Dear Greg, remember awhile back when I told you we would pass you the
"pity pot," but that the time would come when you'd need to pass it on?
It's time, my friend. We know you're down, and no one is going to argue
that you don't have reason to be. And I'm not telling you to deny or
stuff your feelings. Your situation sucks, if I can be so blunt. I know
you feel like hell, and the waiting and not knowing what lies ahead can
be as painful as anything physical. But honey, we are ALL dying, every
single last one of us. And we ALL cause those who love us pain, it goes
with the territory of loving another. But if you think your "bailing"
and making a hasty exit is doing anyone a favor, thing again. Take us
molers -- and the short time we've known you -- we love you, and we want
you with us every minute we can have you, even though pain is part of
the deal. How much more that is true for your family!
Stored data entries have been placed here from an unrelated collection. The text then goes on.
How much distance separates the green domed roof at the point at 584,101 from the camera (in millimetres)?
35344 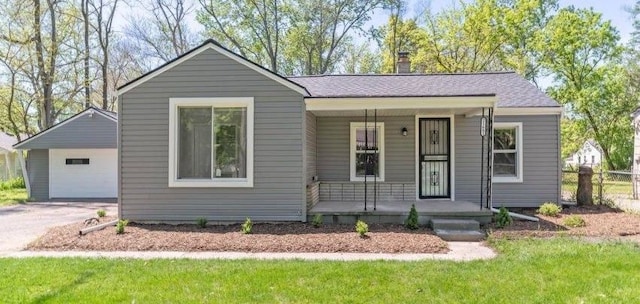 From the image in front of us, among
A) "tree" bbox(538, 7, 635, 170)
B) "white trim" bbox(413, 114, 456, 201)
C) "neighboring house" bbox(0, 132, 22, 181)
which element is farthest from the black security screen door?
"neighboring house" bbox(0, 132, 22, 181)

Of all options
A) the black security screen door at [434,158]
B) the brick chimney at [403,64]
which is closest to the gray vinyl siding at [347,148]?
the black security screen door at [434,158]

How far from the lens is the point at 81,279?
4688 mm

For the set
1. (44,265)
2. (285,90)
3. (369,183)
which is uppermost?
(285,90)

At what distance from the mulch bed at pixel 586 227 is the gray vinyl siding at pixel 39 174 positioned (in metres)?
15.0

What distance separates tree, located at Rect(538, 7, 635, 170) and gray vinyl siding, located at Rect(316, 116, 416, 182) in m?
17.3

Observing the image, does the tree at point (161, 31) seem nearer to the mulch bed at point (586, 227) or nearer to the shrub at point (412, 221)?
the shrub at point (412, 221)

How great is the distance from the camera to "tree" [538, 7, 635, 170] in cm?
2325

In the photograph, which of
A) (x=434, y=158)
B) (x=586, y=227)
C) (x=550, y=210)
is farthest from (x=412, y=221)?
(x=550, y=210)

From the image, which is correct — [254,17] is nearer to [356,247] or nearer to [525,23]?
[525,23]

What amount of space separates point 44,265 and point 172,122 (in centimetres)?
348

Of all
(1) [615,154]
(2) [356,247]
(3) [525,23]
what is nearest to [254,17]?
(3) [525,23]

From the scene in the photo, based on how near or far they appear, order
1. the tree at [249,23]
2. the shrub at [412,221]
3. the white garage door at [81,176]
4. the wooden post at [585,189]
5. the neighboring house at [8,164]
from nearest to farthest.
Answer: the shrub at [412,221]
the wooden post at [585,189]
the white garage door at [81,176]
the neighboring house at [8,164]
the tree at [249,23]

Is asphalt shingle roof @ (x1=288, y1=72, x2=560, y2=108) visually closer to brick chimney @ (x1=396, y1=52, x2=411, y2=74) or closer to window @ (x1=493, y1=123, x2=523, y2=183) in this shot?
window @ (x1=493, y1=123, x2=523, y2=183)

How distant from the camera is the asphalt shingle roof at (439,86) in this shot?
953cm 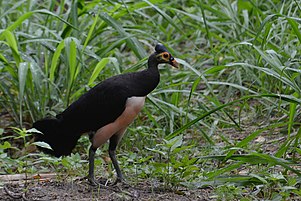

You mentioned earlier that at times you'd just like to "get it over
with." As one who fights depression on a regular basis, I know that
feeling. But it's a dead end; it gets you nowhere but in a deeper hole.
Someone said earlier that death is a personal matter, and it is. Sadly,
there is such a fear of death that we aren't given much chance to think
or talk about what it is to "die well." Only God knows where you are in
that great continuum of living and dying. The question is, what is
important to you? What do you want to accomplish in whatever time you
have left? How do you want to be remembered? What mark do you want to
leave on the world?

Oh, I know what you are thinking -- I'm SICK, what can *I* do? And the
answer -- shift the focus. You still have a mind, you still have a sense
of humor, you still have a glorious, sensitive spirit, you still have
the power to TOUCH THE LIVES OF OTHERS (if you doubt that, re-read the
messages you received today!) My question for you is, how are you going
to USE that power Greg? 

My cousin. about your age with a new baby and young bride, was flat out
told he was a dead man and that the drs. could do nothing. He was sent
home to die. He sold his baseball card collection and everything special
to him, to put away a little nest egg for his baby daughter's college
education. But he also did something else -- he thought of all the
people he'd met in the hospital who were also called "terminal" and how
afraid they were of dying. And he said, "I may not be able to do much,
but maybe I can give them a little comfort." So he'd wheel himself
around, cracking jokes, sharing his faith and his smile and his heart.
He could have crawled into that corner and cut himself off, just one
more casualty of this horrendous disease. But he was determined to have
purpose and finding meaning in his life with every breath he had. 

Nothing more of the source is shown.